“Tejo Tejo.. Mana ada orang rendah hati yang menyebut dirinya sendiri jujur, merakyat, sederhana. Mana ada orang jujur yang mengingkari ucapannya sendiri. Tejo … Tejo ,” suara rendah Ibu Suci, ketua arisan warga yang sedang menghitung uang arisan, “Tapi tetep kok aku milih kamu. Ya wong kamu itu ndeso. Orang ndeso kan prihatin. Orang prihatin mengerti orang prihatin. Kamu kan kurus-kering. Orang kurus kan gak serakah. Tapi itu kan … ”
” Tapi itu kankosong.. melompong ! ” Mbok Sukri, istri dari mendiang Pak Sukri, langsungbmemotong kalimanya. Ibu Suci Melotot menatapnya. Marah sih tidak, hanya kesal. Jadinya, ia komat-kamit ngambek dibuatnya.
“Nah kok dek Suci malah ngedumel. Gak usah khawatir dek. Rujuk aja sana sama Mas Prapto. Pasti sehat, sentosa, jaya teruuus sampai mati, ” tangan ranta Mbok Sukri menarik secarik foto dari sela kain batik yang melingkar di pundaknya, “Nih lihat. Pensiunan satpam dek. orang yang berjasa ama kampung ini. Cuman ia difitnah maling. Jadi deh jualan bensin di perempatan. Jangan salah Dek, orang paling pinter ya Prapto ini. Ngapain lah si krempeng itu jadi ketua RW. Maluin dehDek maluin”

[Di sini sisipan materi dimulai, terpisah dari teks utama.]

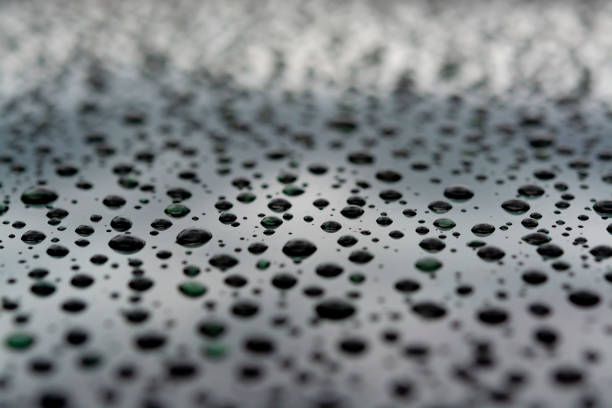 fundo abstrato com gotas da água na superfície do metal - waterdroplets - fotografias e filmes do acervo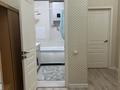 2-комнатная квартира · 80 м² · 8/9 этаж, 17-й мкр 29 — Жилой комплекс BS Residence расположен в одном из самых востребованных районов Актау — 17 микрорайоне, где создана комфортная городская среда для жизни. Дом находится в удачной локации: в пешей доступности есть всё необходимое для повседневной жизни. Рядом расположены продуктовые магазины, супермаркеты, аптеки, кафе, кофейни, отделения банков, салоны красоты, торговые объекты, а также крупные магазины бытовой техники и торговые центры. Для семей с детьми поблизости находятся детские сады и школа. (korter.kz⁠) ЖК находится всего чуть более чем в километре от побережья Каспийского моря, поэтому до набережной можно быстро добраться как пешком, так и на автомобиле. Удобные подъездные пути и развитая транспортная инфраструктура позволяют легко попасть в любую часть города. (korter.kz⁠) Сам комплекс BS Residence — современный жилой квартал с благоустроенной территорией, парковочными местами и развитой коммерческой инфраструктурой на первых этажах, что делает проживание максимально комфортным. (Krisha.kz⁠) Это отличный вариант для тех, кто ценит удобное расположение, развитую инфраструктуру и комфортную городскую жизнь, где всё необходимое находится буквально в нескольких минутах от дома. за 300 000 ₸ — фото 13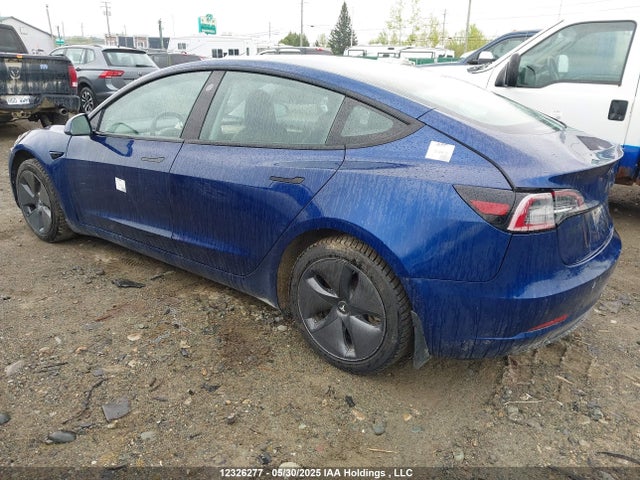 5YJ3E1EA2NF258132 Tesla 2022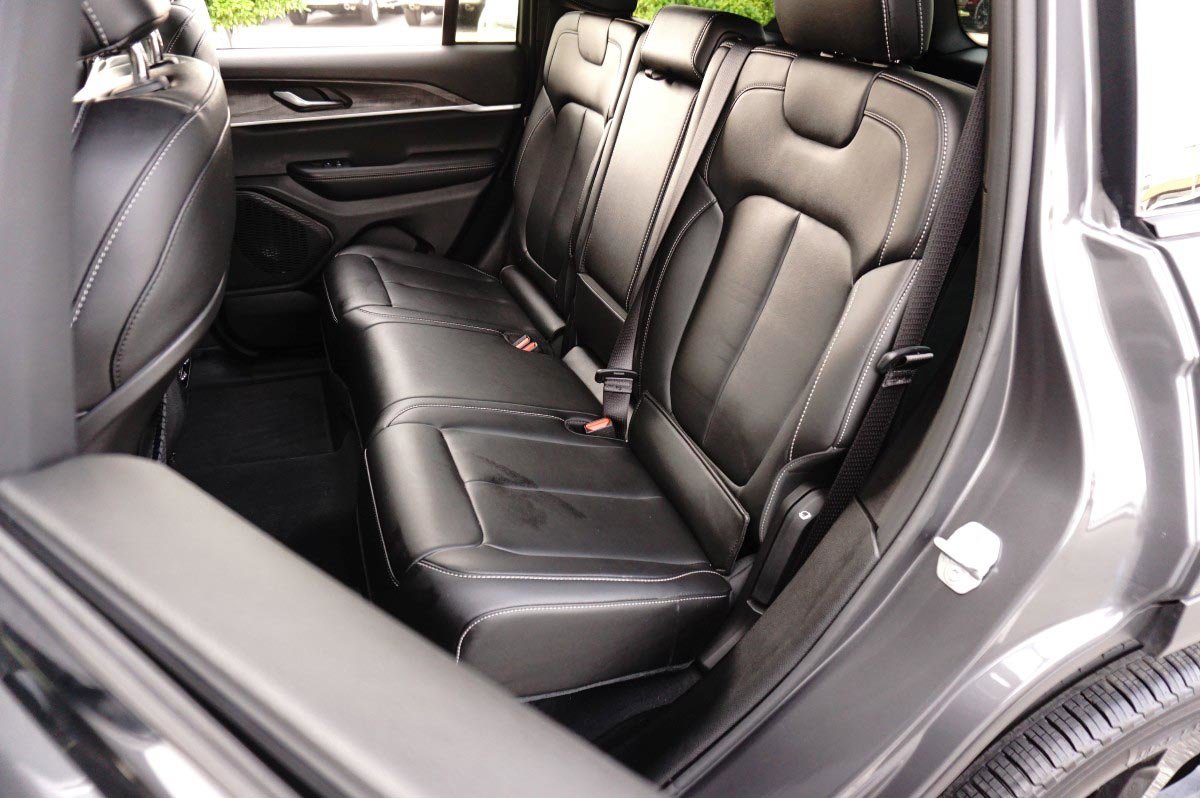 Certified 2025 Jeep Grand Cherokee Limited w/ Black Appearance Package RWD image 14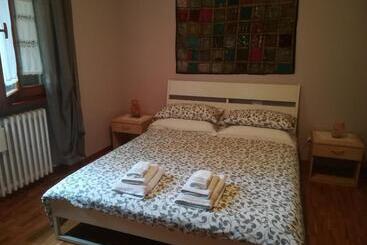 تختخواب و صبحانه Home Meditamondo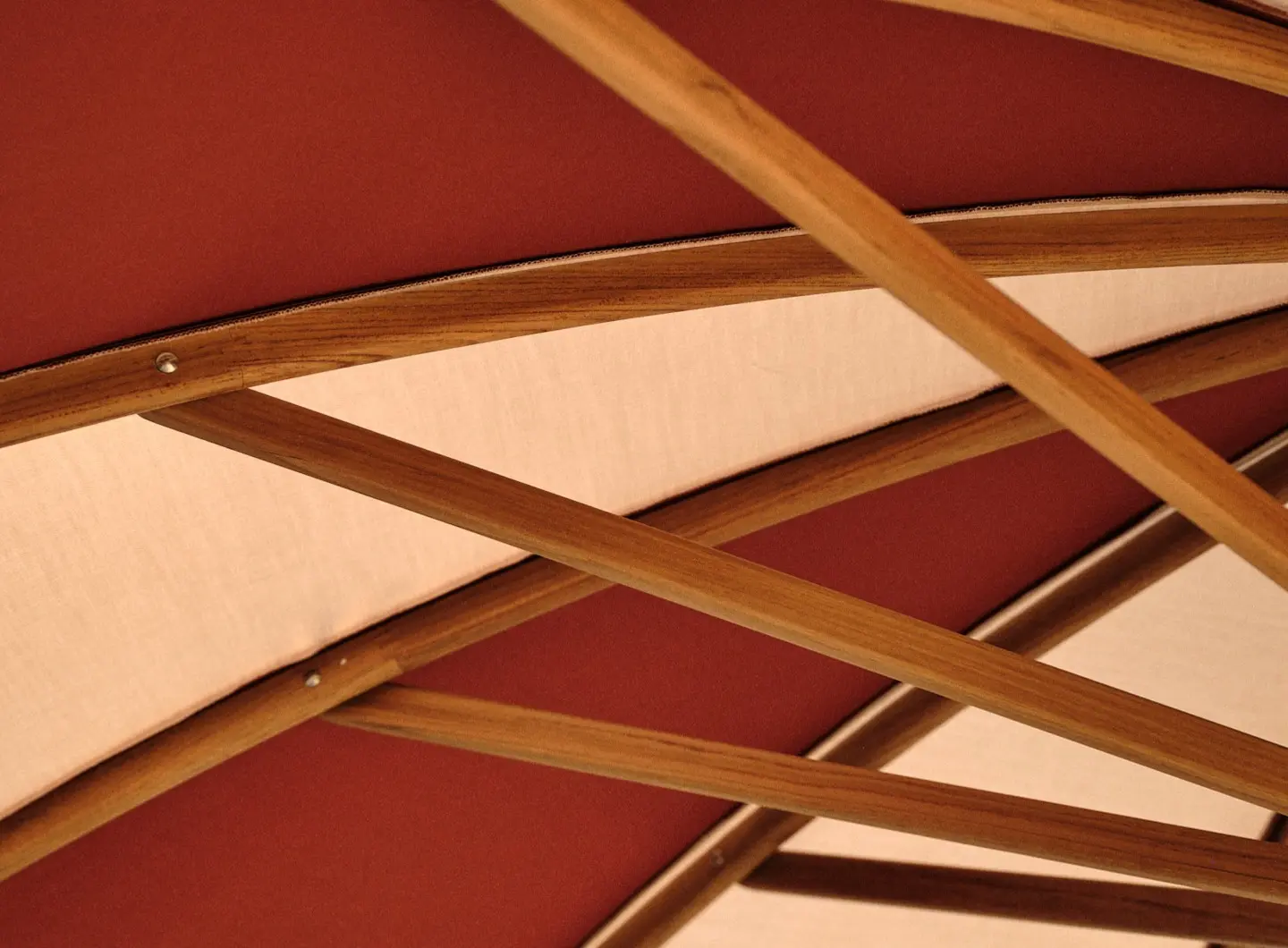 Dettaglio copertura, con stecche in teak naturale e tessuto bicolore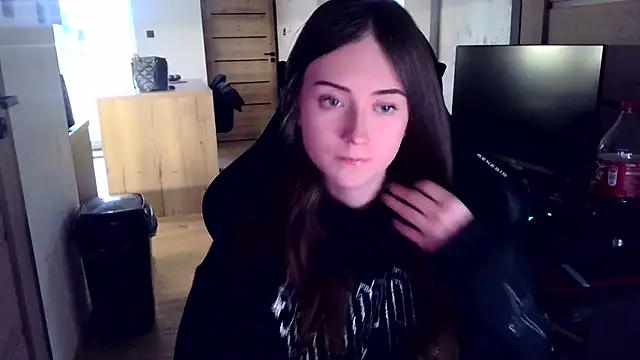 karlaluuvv online show from April 9, 2026, 4:46 pm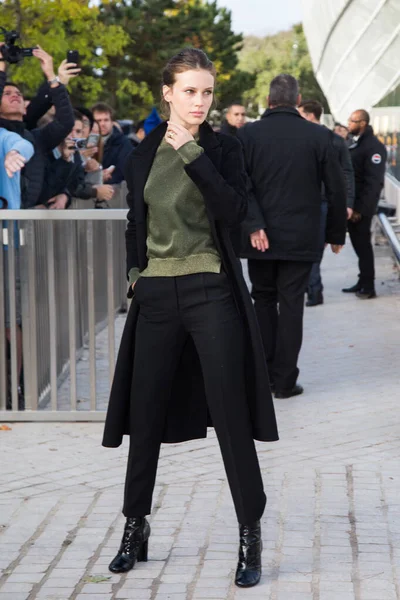 Marine Vacth Účastní Louis Vuitton Show Front Row Paris Fashion — Stock fotografie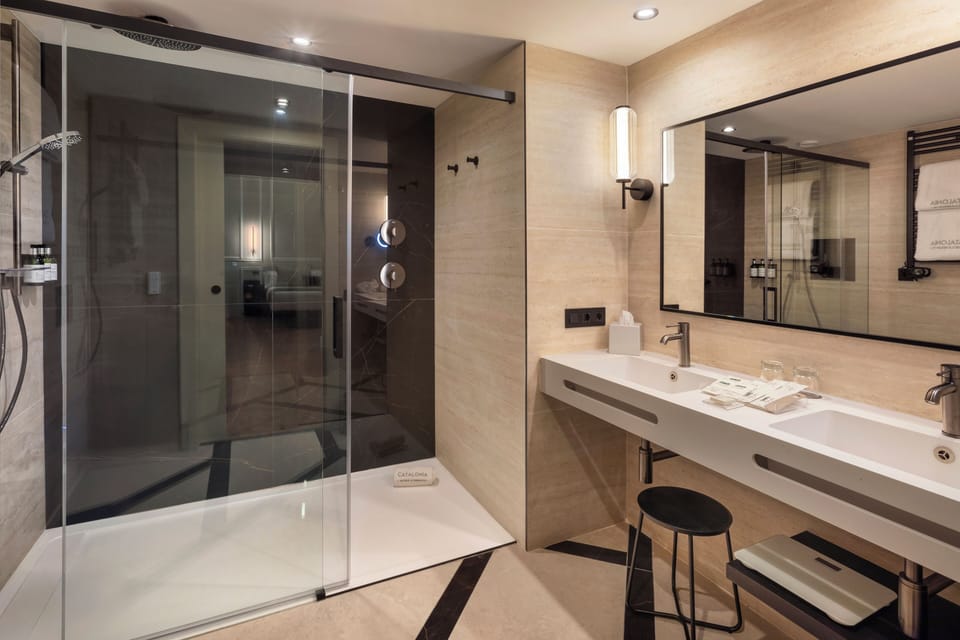 Room (Duplex, 2 adults + 2 children) | Bathroom | Eco-friendly toiletries, hair dryer, bidet, towels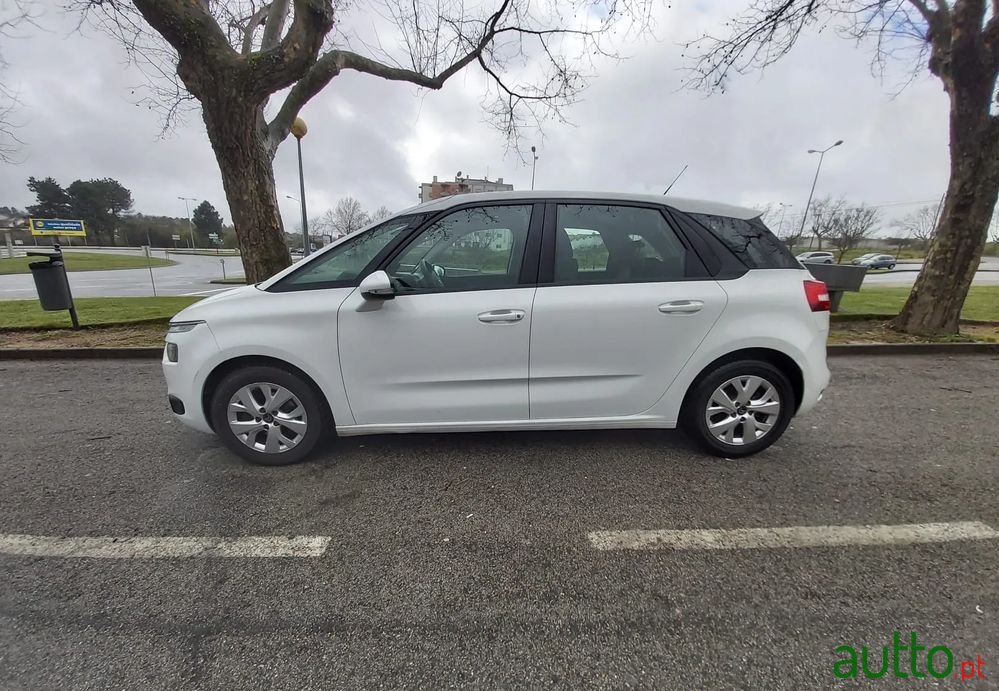 2014' Citroen C4 Picasso photo #3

“Bukan masalah itu lah Bu. Tapi kan orang yang jatuh ke got ya bau, walau untuk bantu ambil daleman ibu yang jatuh dikali, ya tetep bau. Orang-orang mana suka sama orang yang bau.”
Satu per satu ibu bapak yang lewat untuk belanja dan jualan ke pasar ikut diam menyimak pembicaraan mereka. Ada yang berdiri di belakang ibu Suci ada juga di bagian Mbok Sukri.
“Lagian Prapto itu keras kepala bukan kepalang. Nanti ia malah gak denger pesanan aku. Kalau orang-orang ku ini ngumpul kan butuh kopi atau kacang rebus. Mana mau dia aku suruh-suruh.”
Orang-orang pedagang pasar becek tadi mulai mengerti ya ada benarnya juga Bu Suci, kalau mereka berkumpul ya butuh cemilan. Buat apa lah pasar di aspal, tapi perut kosong. Lebih baik pasar becek tapi dapat beli cemilan dari tetangga jauh. Warga lain peduli amat, Tejo si krempeng itu banyak yang suka, orang-orang nya juga banyak.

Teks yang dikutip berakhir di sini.